Some great advice this morning at The Kill Zone. A discussion of how to face the harsh realities of the author game without becoming despondent or cynical or throwing your pen across the room and giving up.

It comes down to remembering why you write – because you love it, because you wouldn't do anything else. Because you get caught up in the thrill of discovering a story and exploring the worlds you invent with the characters you create. Not because you're looking for an easy way to get rich. We all hope we will, or at least we hope it'll help us pay the bills. But remember, it ain't easy, and the odds are stacked against us. We all hope we'll be the one. Just don't borrow money from the mob based on your estimate of future writing wealth.

Dream big, but do the math.

He also talks about the luck factor. You can't control luck, but you can tilt those odds in your favor by working hard, learning your craft, being productive, being brutally honest with yourself. Then, when luck saunters by, minding it's own business, you'll be positioned to mug it and rifle its pockets for opportunities.

WIP UPDATE – Saturday was terrific. Wrote 2,551 words, boosting the total of the first draft to 11,667. It was material that I really like, although I have no idea if it will remain in the book. I think it was stuff I needed to know as the author. I'm not sure yet whether the readers will need to know it. But either way, I had fun writing it, so even if in a few months I end up cutting it, it won't have been a waste of time.

Saturday, November 2, 2013

No, We're Not There Yet


It's a cliche, but it's true. Put your kids in the car, hit the highway and sometime during the course of the trip, usually within the first 10 minutes if they're my kids – smart alecks all – they'll start chanting, "Are we there yet?"

(Tori and I adopted a defensive measure. Whenever they asked "Are we there yet," no matter where we were on the journey, we'd reply, "About half an hour." It even worked for a while. But that's not the point.)

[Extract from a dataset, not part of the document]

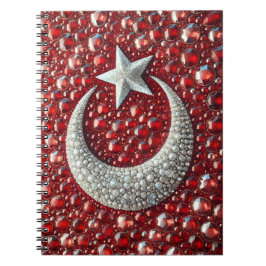 Bärbar dator med turkiskt Färg Abstrakt design Anteckningsbok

I am not at the "Are we there yet?" stage in Brainiac Kapow. I'm guessing at close to 10,000 words along that I'm roughly 15 percent, lot of miles to go. I'm still at the "Where are we going?" stage. Kids never ask that in the car, because presumably you told them before you set out.

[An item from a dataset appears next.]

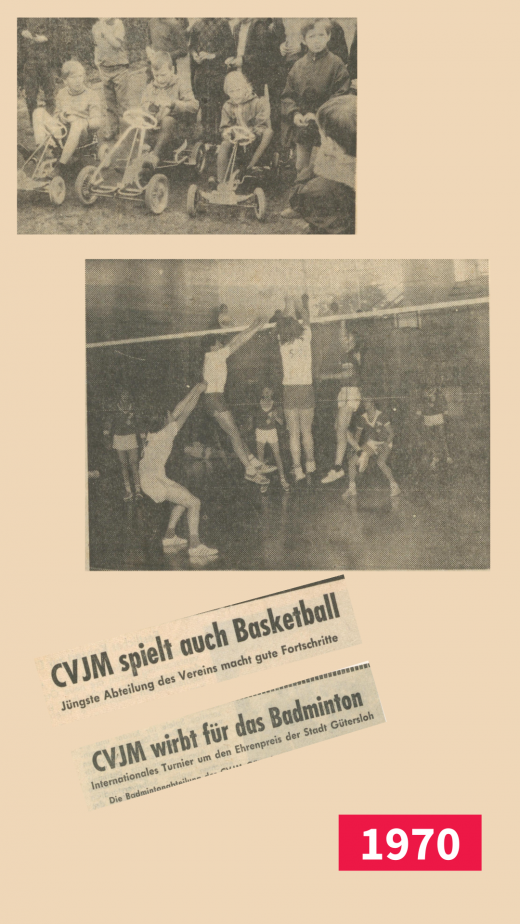 Sportarten im CVJM Gütersloh 1970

But right now I'm really surprised by where I am. I thought I knew exactly where the story was going when we got in the car. But that's not where we're headed, as near as I can tell.

Don't get me wrong. I'm liking what I've got. I've got some good characters, I'm handling the POV shifts well (I think I am, anyway.) It's an interesting story. But it's subtly different than what I thought I had when I started, and I suspect the difference will grow as we move farther along the road. I also suspect some of this is the kind of background that I need to know to write the story, but I'm not sure yet if the reader needs to know.

It's interesting, that's for sure. I'm really eager to find out where we're headed. And maybe that's the point. It's the first draft. If I don't like it, there's always the second draft. It's a capital mistake to stop and go back and try to change it now. Keep fiddling-tweaking-second guessing and you'll never do anything else, just keep polishing those first few chapters. You'll never finish that first draft. You'll never get anywhere.

Maybe it's going in the wrong direction, or maybe this is turning out to be a deeper, better story than I could have imagined. I have no idea yet, and that's the exciting part. I'm not going where I thought I was, but I'm going somewhere.

But I can't say I'm there yet, or even "about half an hour" away. Here's where I am.

WIP UPDATE – Really liked Friday's work, more interesting chapter than I'd thought I was writing. And it was productive: 2,336 words, bringing the total to 9,116.